Items from a data source:
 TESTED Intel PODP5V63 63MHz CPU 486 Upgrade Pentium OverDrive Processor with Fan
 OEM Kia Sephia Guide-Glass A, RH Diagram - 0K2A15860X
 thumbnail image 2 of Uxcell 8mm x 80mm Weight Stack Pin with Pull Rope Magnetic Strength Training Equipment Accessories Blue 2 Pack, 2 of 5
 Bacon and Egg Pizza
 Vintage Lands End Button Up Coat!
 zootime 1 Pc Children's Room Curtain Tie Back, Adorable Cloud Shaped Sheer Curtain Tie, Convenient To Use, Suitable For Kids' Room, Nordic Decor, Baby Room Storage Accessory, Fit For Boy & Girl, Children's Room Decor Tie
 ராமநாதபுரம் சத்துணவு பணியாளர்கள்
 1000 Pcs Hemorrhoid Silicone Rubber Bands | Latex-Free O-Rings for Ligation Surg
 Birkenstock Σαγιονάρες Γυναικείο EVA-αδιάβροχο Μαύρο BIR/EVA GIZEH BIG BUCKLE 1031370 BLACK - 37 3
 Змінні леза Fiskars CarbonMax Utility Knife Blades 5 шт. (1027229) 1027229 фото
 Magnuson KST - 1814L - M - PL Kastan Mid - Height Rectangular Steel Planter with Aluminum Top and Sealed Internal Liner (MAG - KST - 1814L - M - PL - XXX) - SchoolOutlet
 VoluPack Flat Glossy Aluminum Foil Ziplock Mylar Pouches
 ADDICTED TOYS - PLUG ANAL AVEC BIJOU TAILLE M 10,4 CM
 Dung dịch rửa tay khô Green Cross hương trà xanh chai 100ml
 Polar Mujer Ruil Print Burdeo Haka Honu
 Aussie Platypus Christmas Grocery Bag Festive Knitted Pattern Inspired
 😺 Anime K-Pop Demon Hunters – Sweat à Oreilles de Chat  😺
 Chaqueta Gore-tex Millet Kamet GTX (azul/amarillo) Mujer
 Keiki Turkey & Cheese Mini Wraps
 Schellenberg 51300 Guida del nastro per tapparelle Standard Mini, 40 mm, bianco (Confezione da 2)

● Problem description
Print the lines above from the one with "thumbnail image 2" through the one with "Polar Mujer Ruil Print Burdeo Haka Honu", both included, exactly as written and nothing more.

● Result of the exercise
 thumbnail image 2 of Uxcell 8mm x 80mm Weight Stack Pin with Pull Rope Magnetic Strength Training Equipment Accessories Blue 2 Pack, 2 of 5
 Bacon and Egg Pizza
 Vintage Lands End Button Up Coat!
 zootime 1 Pc Children's Room Curtain Tie Back, Adorable Cloud Shaped Sheer Curtain Tie, Convenient To Use, Suitable For Kids' Room, Nordic Decor, Baby Room Storage Accessory, Fit For Boy & Girl, Children's Room Decor Tie
 ராமநாதபுரம் சத்துணவு பணியாளர்கள்
 1000 Pcs Hemorrhoid Silicone Rubber Bands | Latex-Free O-Rings for Ligation Surg
 Birkenstock Σαγιονάρες Γυναικείο EVA-αδιάβροχο Μαύρο BIR/EVA GIZEH BIG BUCKLE 1031370 BLACK - 37 3
 Змінні леза Fiskars CarbonMax Utility Knife Blades 5 шт. (1027229) 1027229 фото
 Magnuson KST - 1814L - M - PL Kastan Mid - Height Rectangular Steel Planter with Aluminum Top and Sealed Internal Liner (MAG - KST - 1814L - M - PL - XXX) - SchoolOutlet
 VoluPack Flat Glossy Aluminum Foil Ziplock Mylar Pouches
 ADDICTED TOYS - PLUG ANAL AVEC BIJOU TAILLE M 10,4 CM
 Dung dịch rửa tay khô Green Cross hương trà xanh chai 100ml
 Polar Mujer Ruil Print Burdeo Haka Honu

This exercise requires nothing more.